# Random Forests for Regression

In this example, we will learn how to train a random forest regressor with **scikit-learn**. <br/>

#### Dataset: California Housing

As an example dataset we will use the California Housing dataset. The data contains information from the 1990 California census.  A description of this dataset can be found here: https://www.kaggle.com/datasets/camnugent/california-housing-prices

Fortunately, the dataset is already provided in scikit-learn. So, there is no need to fetch the data from Kaggle manually. See: https://scikit-learn.org/stable/modules/generated/sklearn.datasets.fetch_california_housing.html

In [1]:
# Import modules which are relevant for this project
from sklearn.datasets import fetch_california_housing
import numpy as np
from sklearn.ensemble import RandomForestRegressor
from sklearn.metrics import mean_absolute_error, mean_squared_error
from sklearn.model_selection import train_test_split
import seaborn as sns
import matplotlib.pyplot as plt

In [2]:
# To ensure reproducibility

RANDOM_STATE = 42

np.random.seed(RANDOM_STATE)

## Load the dataset

In [3]:
dataset = fetch_california_housing(as_frame=True)

In [4]:
housing_df = dataset['data']
target_df = dataset['target']

housing_df['HousePrice'] = target_df

## Prepare a training and testing set

Like we did in our linear regression example, we split the datasets into two parts. <br/>
80% of the data is used for training, and 20% is used for testing.

In [5]:
train_df, test_df = train_test_split(housing_df, test_size=0.2)

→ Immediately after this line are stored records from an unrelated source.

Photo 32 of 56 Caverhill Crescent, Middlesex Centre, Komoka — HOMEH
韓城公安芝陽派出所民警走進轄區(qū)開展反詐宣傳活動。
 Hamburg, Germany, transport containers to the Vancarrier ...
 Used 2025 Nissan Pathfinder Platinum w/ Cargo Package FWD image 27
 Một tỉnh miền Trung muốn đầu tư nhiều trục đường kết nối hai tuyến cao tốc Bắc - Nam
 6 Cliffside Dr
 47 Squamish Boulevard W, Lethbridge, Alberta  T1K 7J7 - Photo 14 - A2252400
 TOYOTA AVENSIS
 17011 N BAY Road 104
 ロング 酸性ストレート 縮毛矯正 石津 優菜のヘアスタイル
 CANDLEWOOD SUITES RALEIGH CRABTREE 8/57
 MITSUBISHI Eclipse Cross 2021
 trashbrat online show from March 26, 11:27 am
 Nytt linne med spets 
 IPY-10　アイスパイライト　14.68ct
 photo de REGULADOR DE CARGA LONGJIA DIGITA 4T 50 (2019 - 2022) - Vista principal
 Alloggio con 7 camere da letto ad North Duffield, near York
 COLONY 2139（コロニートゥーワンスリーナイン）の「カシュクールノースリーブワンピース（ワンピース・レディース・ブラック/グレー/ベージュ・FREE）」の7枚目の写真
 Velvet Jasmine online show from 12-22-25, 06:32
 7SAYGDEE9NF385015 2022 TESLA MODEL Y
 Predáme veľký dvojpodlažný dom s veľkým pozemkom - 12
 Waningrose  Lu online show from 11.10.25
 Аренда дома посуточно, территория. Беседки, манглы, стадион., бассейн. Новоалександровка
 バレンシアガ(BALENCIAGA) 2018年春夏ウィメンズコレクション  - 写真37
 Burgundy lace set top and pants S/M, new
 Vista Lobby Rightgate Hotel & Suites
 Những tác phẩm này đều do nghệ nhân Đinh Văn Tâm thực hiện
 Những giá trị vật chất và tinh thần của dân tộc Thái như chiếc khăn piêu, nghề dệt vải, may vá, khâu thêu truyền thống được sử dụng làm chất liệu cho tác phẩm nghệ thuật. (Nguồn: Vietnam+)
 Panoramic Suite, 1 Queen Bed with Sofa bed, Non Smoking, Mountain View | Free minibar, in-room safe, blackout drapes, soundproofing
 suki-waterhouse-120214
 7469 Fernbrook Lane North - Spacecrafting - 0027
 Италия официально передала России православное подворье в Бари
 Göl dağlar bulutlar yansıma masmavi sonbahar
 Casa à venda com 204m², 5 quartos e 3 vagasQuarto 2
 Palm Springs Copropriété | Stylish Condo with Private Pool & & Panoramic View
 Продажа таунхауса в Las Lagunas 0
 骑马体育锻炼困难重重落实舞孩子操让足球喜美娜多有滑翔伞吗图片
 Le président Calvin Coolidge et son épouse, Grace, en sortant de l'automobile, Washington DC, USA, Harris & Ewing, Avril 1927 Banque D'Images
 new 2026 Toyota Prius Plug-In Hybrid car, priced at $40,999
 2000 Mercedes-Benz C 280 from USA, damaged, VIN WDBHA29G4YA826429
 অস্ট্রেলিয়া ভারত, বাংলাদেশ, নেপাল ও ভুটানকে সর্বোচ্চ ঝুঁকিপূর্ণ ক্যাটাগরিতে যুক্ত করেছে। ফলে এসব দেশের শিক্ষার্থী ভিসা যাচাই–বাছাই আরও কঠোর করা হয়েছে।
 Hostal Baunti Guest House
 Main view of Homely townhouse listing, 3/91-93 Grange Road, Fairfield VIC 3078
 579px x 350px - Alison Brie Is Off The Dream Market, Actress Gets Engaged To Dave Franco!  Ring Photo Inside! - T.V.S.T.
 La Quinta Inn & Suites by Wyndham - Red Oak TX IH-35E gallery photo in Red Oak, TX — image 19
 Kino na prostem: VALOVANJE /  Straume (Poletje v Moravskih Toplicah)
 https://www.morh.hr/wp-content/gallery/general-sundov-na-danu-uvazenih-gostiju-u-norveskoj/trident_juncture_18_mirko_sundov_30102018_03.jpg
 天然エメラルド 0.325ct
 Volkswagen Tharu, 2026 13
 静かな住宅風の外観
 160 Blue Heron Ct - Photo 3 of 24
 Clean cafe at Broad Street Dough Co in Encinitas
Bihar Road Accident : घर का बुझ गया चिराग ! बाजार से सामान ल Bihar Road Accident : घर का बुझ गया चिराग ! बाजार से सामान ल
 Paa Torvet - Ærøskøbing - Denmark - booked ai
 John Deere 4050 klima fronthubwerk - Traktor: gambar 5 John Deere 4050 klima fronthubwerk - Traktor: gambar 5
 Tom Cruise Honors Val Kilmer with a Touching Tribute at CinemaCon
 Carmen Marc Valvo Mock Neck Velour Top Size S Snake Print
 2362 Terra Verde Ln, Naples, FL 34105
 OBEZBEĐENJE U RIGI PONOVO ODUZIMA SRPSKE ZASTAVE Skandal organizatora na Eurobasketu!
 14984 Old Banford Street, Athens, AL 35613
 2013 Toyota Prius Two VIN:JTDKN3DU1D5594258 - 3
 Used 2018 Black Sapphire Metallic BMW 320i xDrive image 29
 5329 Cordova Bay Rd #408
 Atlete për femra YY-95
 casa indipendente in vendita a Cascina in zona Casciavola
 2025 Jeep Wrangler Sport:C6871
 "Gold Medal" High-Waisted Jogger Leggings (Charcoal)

# Prepare training features 
x_train = train_df.loc[:, train_df.columns != 'HousePrice'].values
y_train = train_df['HousePrice'].values

# Prepare testing features 
x_test = test_df.loc[:, test_df.columns != 'HousePrice'].values
y_test = test_df['HousePrice'].values 

## Training a random forest regressor

We now train our first random forest regressor referred to as  `RandomForestRegressor` in Scikit.

In [6]:
# Create a random forest regressor
model = RandomForestRegressor()

In [7]:
# Fit the model
model.fit(x_train, y_train)

In [8]:
# Evaluate the performance of the regression model
y_pred_train = model.predict(x_train)
y_pred_test = model.predict(x_test)

rmse_test = mean_squared_error(y_test, y_pred_test, squared=False)
rmse_train = mean_squared_error(y_train, y_pred_train, squared=False)

print('Train RMSE:', rmse_train)
print('Test RMSE:', rmse_test)

Train RMSE: 0.18756381286355583
Test RMSE: 0.503395775621682


Nice, without finetuning of hyperparameters, your model achieves a lower RMSE (\\$50339) than the finetuned decision tree (\\$60154). This looks promising.